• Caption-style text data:
■ ■ ■ ■ ■
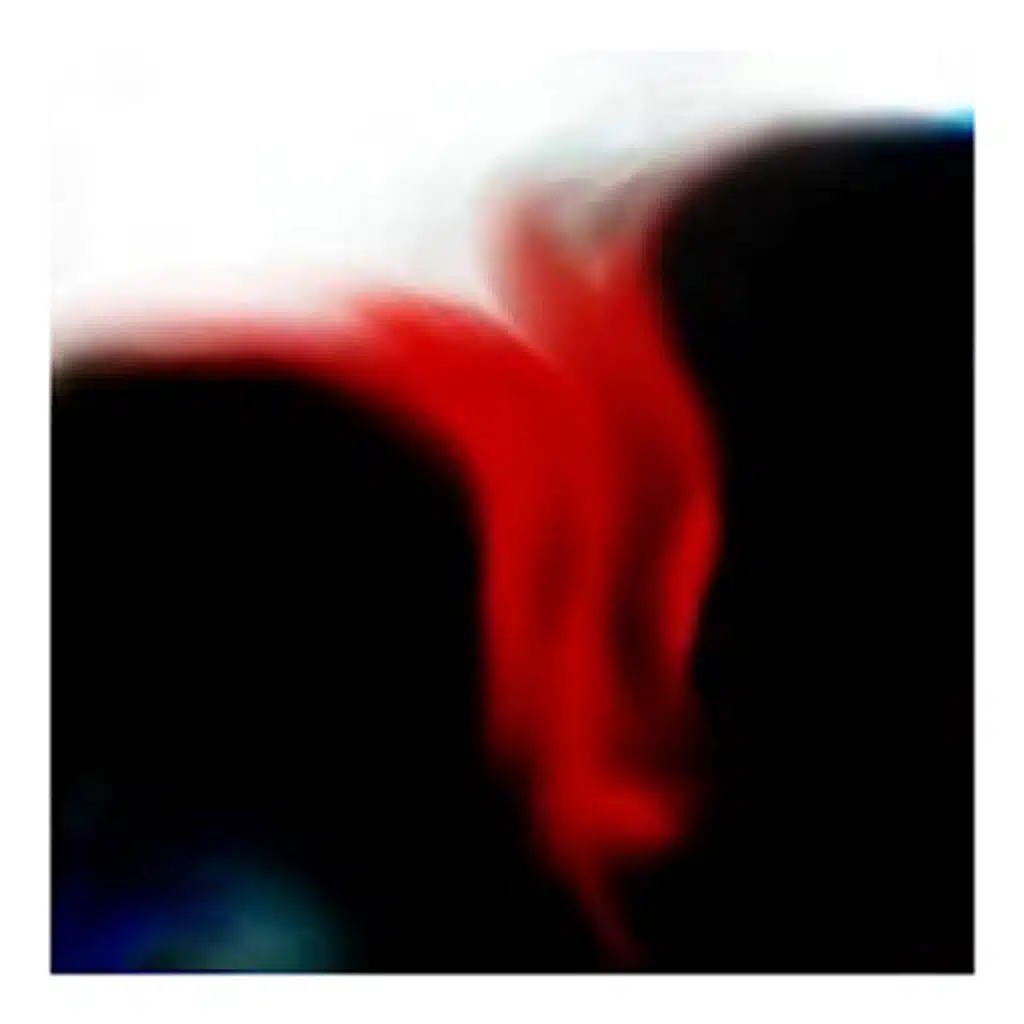 Iridescent (Acoustic)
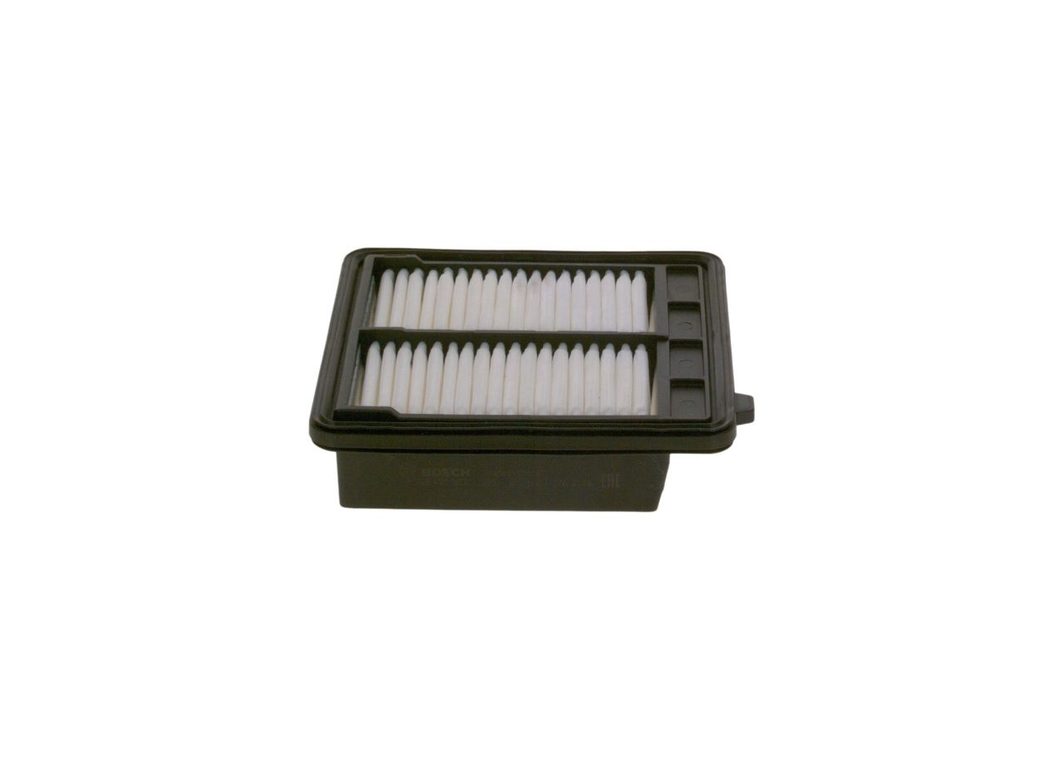 Повітряний фільтр BOSCH F026400363 - zapix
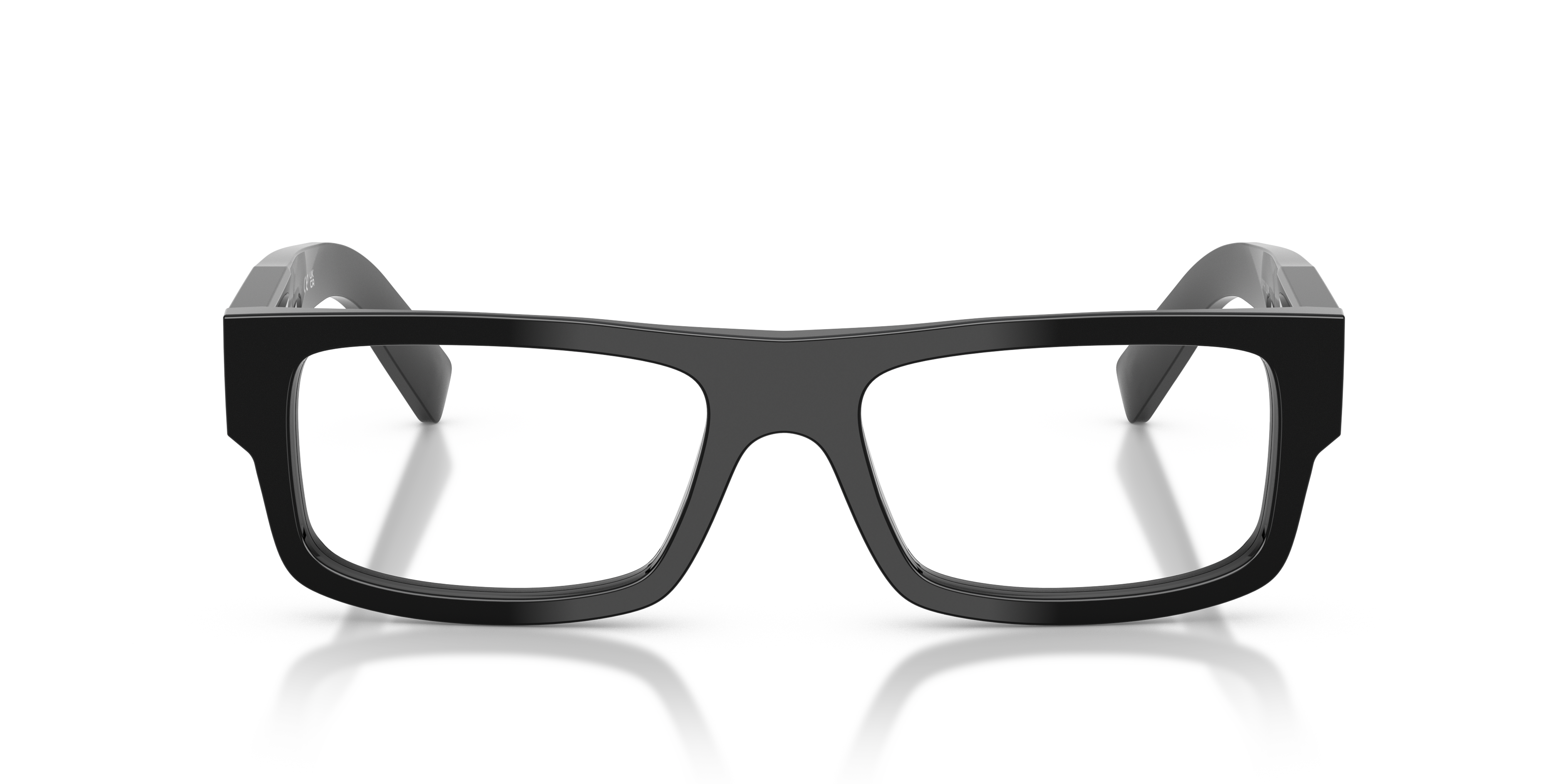 PRADA PR D06V 16K1O1 53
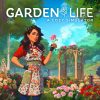 Garden Life: A Cozy Simulator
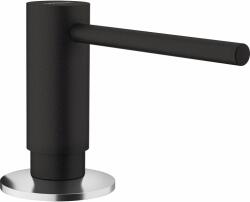 Franke Active folyadékadagoló || 112.0633. 076 (1120633076)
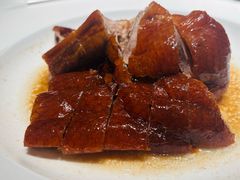 -侨美·唐荔园·40年地道粤菜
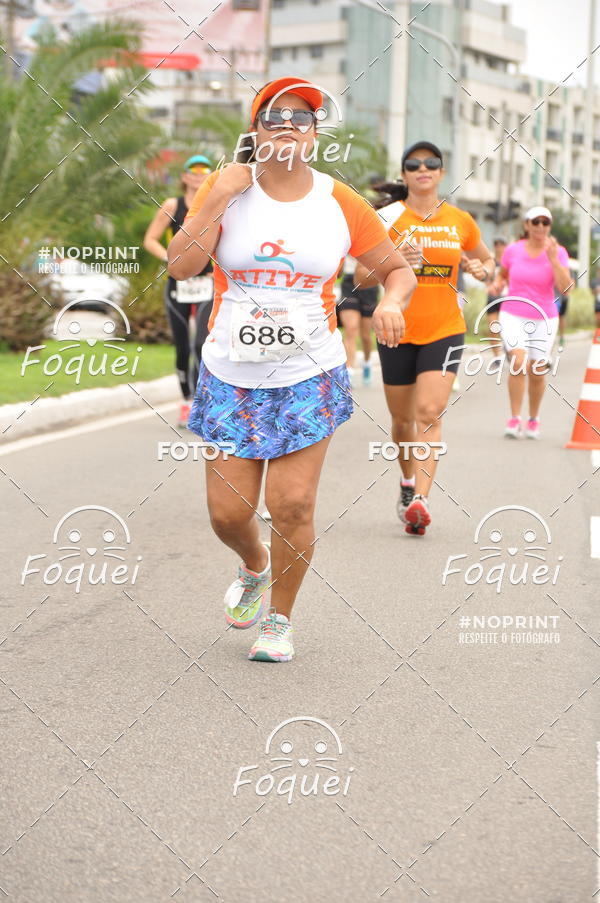 Buy your photos of the event2 Corrida e Caminhada Procon on Fotop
■ ■ ■ ■ ■
• TASK INSTRUCTIONS: Copy out the data above to the letter, and keep every picture out of it.

• EXERCISE RESULT:
 Iridescent (Acoustic)
 Повітряний фільтр BOSCH F026400363 - zapix
 PRADA PR D06V 16K1O1 53
 Garden Life: A Cozy Simulator
 Franke Active folyadékadagoló || 112.0633. 076 (1120633076)
 -侨美·唐荔园·40年地道粤菜
 Buy your photos of the event2 Corrida e Caminhada Procon on Fotop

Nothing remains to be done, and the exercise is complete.